Task description:
What follows is a listing; restate all of it word for word.

--------------------

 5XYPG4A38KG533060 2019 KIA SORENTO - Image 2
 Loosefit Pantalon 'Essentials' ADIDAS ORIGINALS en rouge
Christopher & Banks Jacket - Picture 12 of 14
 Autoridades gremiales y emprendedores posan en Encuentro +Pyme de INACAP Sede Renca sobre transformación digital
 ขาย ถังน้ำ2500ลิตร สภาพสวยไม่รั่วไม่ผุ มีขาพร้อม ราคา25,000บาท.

--------------------

Solved problem:
 5XYPG4A38KG533060 2019 KIA SORENTO - Image 2
 Loosefit Pantalon 'Essentials' ADIDAS ORIGINALS en rouge
Christopher & Banks Jacket - Picture 12 of 14
 Autoridades gremiales y emprendedores posan en Encuentro +Pyme de INACAP Sede Renca sobre transformación digital
 ขาย ถังน้ำ2500ลิตร สภาพสวยไม่รั่วไม่ผุ มีขาพร้อม ราคา25,000บาท.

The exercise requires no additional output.